§ **WHAT IS REQUIRED**
Begin at the line that holds "Long Sleeve Men's" and copy each line exactly until the data below ends, including that last line but no pictures.

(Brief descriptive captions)
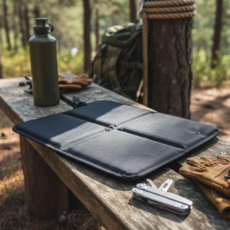 [1+1] 접이식 방석 1인용 휴대용 캠핑 등산 피크닉 돗자리 매트 야외방석, 블랙+블랙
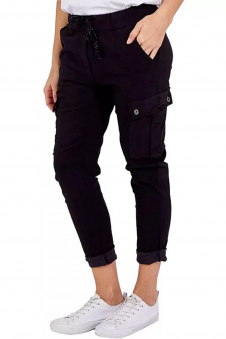 Women Black Italian Cargo Joggers with Drawstring and Turn-Up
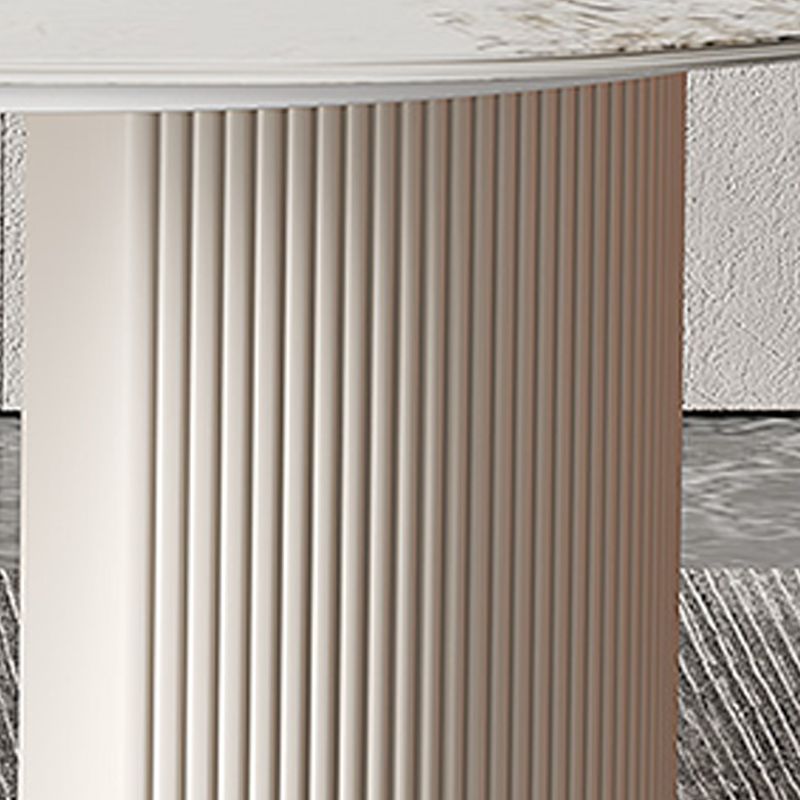 Modern Double Pedestal Table Oval Dining Table for Home Kitchen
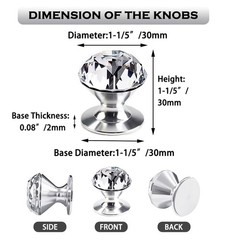 4 Pcs Crystal Self Stick Knobs Aluminum Self Adhesive Handle Pull Stick On Ha…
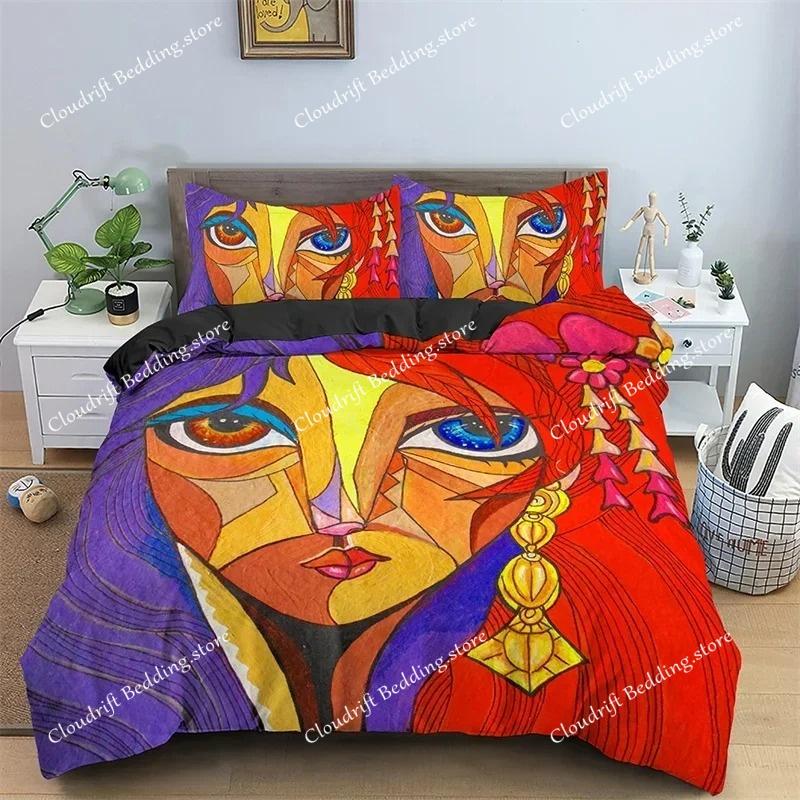 Abstract Human Face Duvet Cover Twin Full King Double Microfiber Mystic Artwork Comforter Cover Psychedelic Graffiti Bedding Set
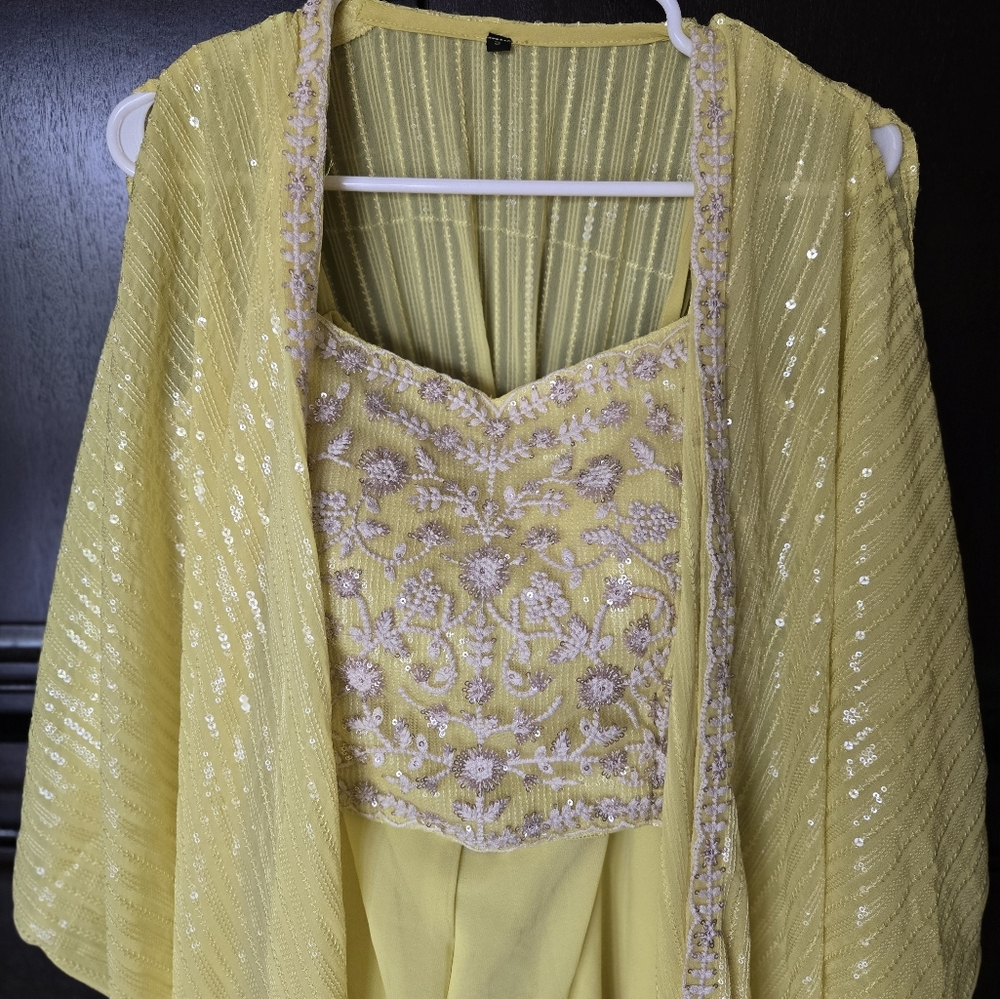 Yellow Embroidered Dress with Sequins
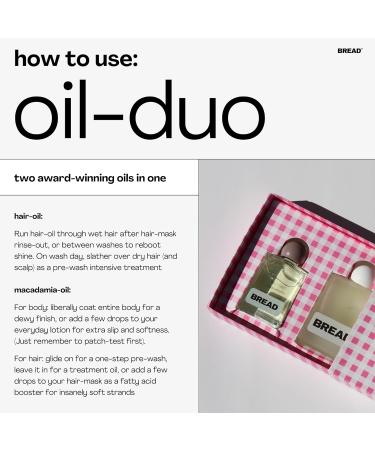 Shop Bread Oil Duo - Award-Winning Hair Care Set with Macadamia | Vegan & Cruelty-Free | Silicone-Free | International Shipping - Buy Online on GoSupps.com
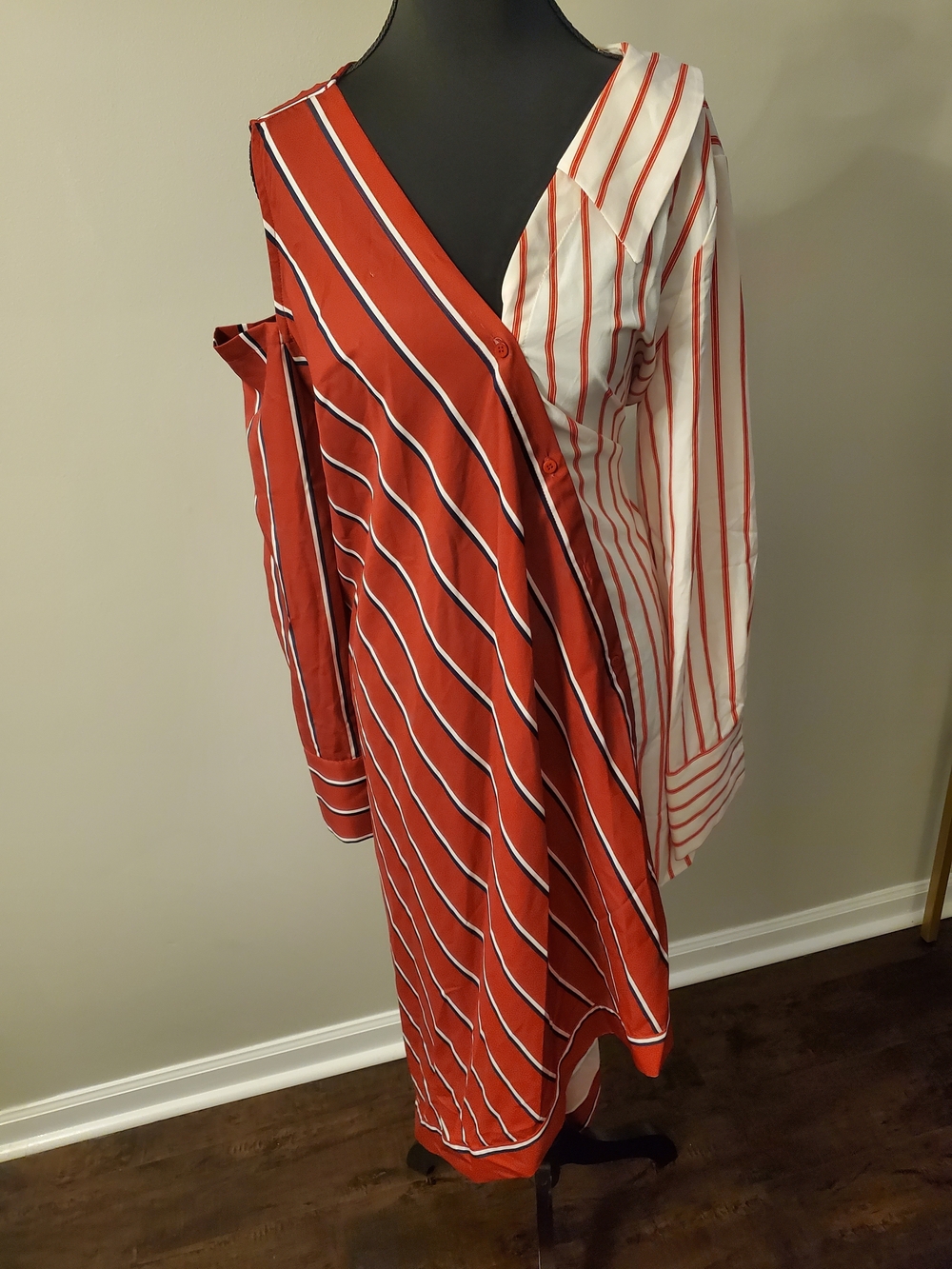 Striped Two-Tone Red and White Shirt or Dress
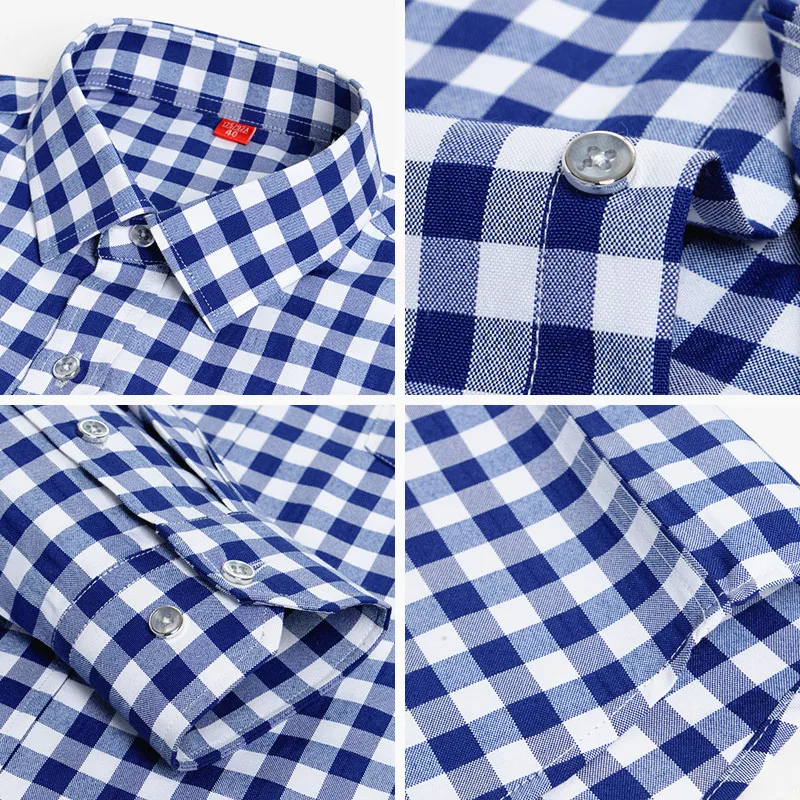 Long Sleeve Men's Shirt New Collection 2022 Autumn Plaid Cotton Polyest Luxury Daily Casual Shirts Leisure Soft Streetwear Style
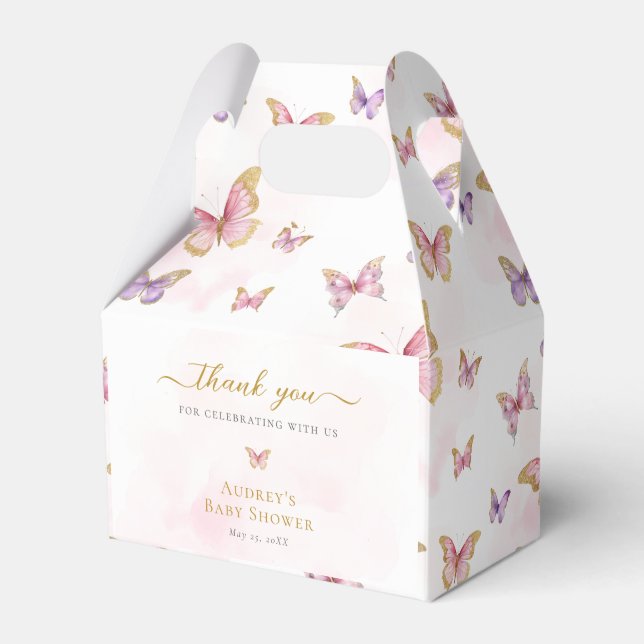 Pink Purple Gold Butterfly Girl Baby Shower Favor Boxes (Front Side)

§ **RESPONSE TO THE TASK**
 Long Sleeve Men's Shirt New Collection 2022 Autumn Plaid Cotton Polyest Luxury Daily Casual Shirts Leisure Soft Streetwear Style
 Pink Purple Gold Butterfly Girl Baby Shower Favor Boxes (Front Side)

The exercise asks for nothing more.